Aot compiler fix #9634

mcr229 · 2025-03-25T23:52:14Z

Summary

Changes:

When initializing Llama2 for aot_compiler, since checkpoints can only e downloaded from hugging face, we initialize llama2 with uninitialized weights. The problem with this is that when running quantization, we can run into errors with the histogram if the unitialized values are nan. We fix this by initializing the weights with zeros if no check point is provided. This enforces that quantization step can still work.
Quant Type in AoT compiler. When looking at the model options available to XNNPACK, everything is quantized with per-tensor static quantization.

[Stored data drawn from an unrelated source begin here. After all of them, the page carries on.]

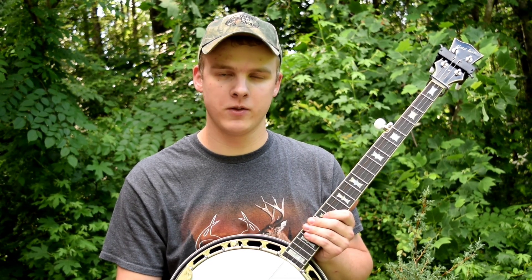This song is kind of in a fiddle tune form — it has an A part that repeats and a B part that repeats. Now the second time on the B part, I added just a little bit of variation, but it's basically the same thing. Once you get the first part, learning the second part will be easy.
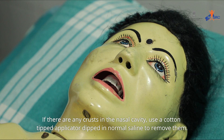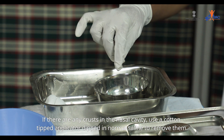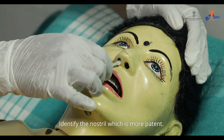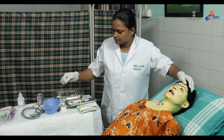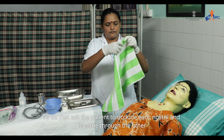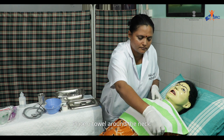Wash hands and wear clean gloves. If there are any crusts in the nasal cavity, use a cotton-tipped applicator dipped in normal saline to remove them. Identify the more patent nostril by asking the patient to occlude each nostril and breathe through the other. Place a towel around the neck.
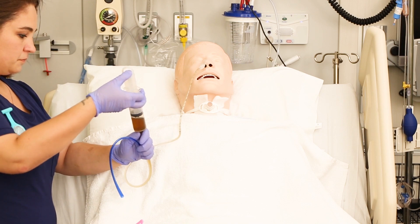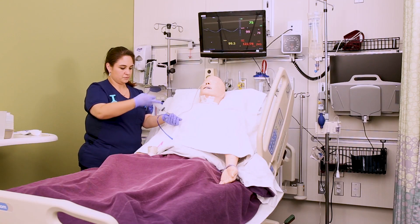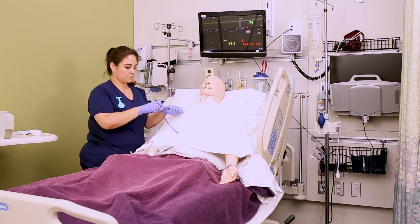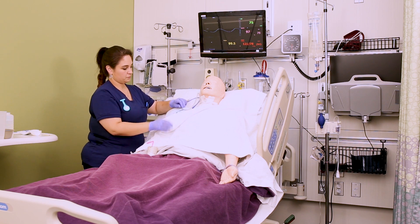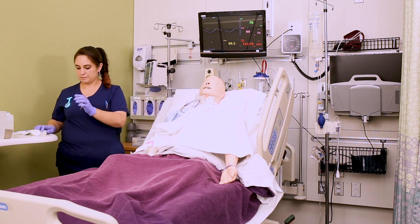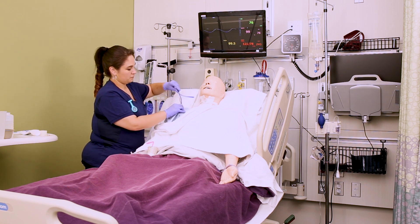If the pH is more than four, or if at any point during insertion the patient starts choking or coughing, pull that tube out — it is not in the right place. You can clamp the tube and secure it to the patient's gown, usually just with a piece of tape, and wait for an abdominal x-ray. Even if your pH is right, you cannot put anything down this tube until that x-ray confirms placement. It really is the gold standard here.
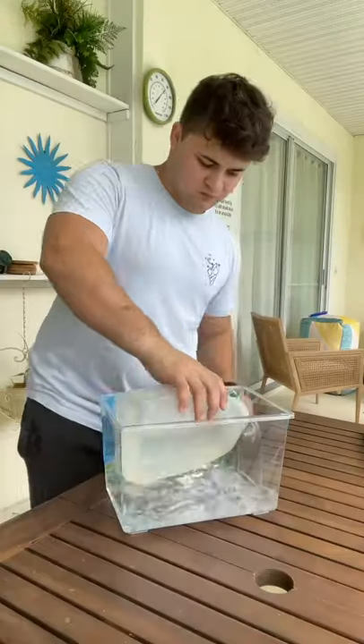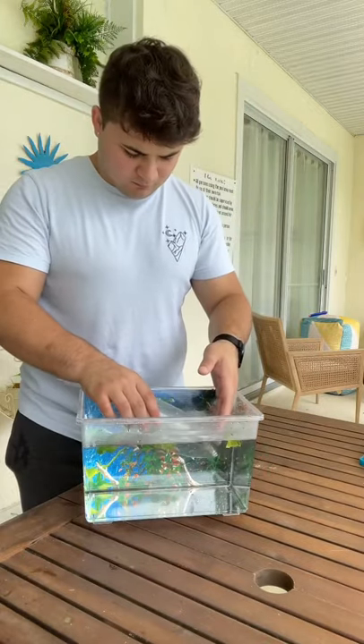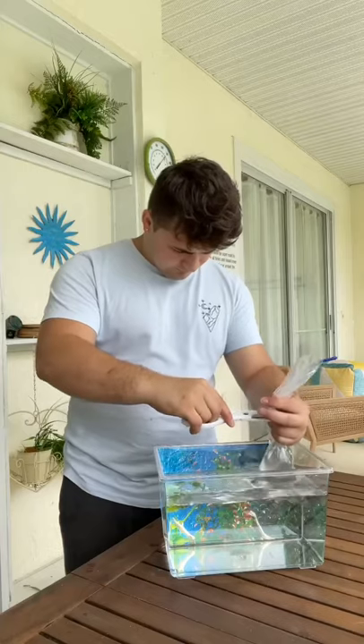Right now we're on stage 2, so they still have their tails, but these are going to grow to full-sized frogs. I added some purifier and then put their bag of water in the tank to adjust to the water.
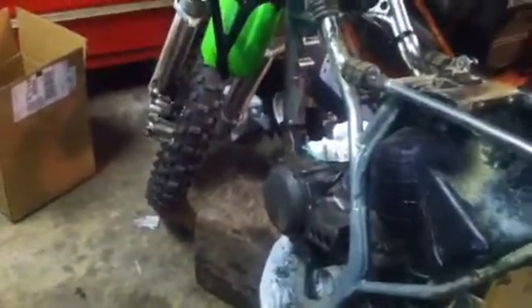Overall, the bike is an 04 KX85. It has an Accel rear rim, I believe stock front rim, Hot Rods crank, and it will have a brand new top end — which is an 09 85 cylinder, Pro Circuit head, and a brand new power valve. We're going to start this build here and we'll see in a little bit when I get some progress going.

This isn't the best option for all the models available. For example transformer based models like Llama and MobileBert would likely prefer dynamically quantized per channel weights, where has CNN like MobileNet would prefer statically quantized per channel weights. We add this type of Quant Type to the existing models options. This also helps with Test Timeouts. per-tensor static quantization on a model like llama can take a long time due to the introduction of MANY q/dq nodes, and the complex partitions it creates. As a result, proposing partitions can take a long time due to the constant BFS to find the largest possible partition. By specifying the more apt quantization scheme like dynamic per-channel quantization, we can avoid this complexity.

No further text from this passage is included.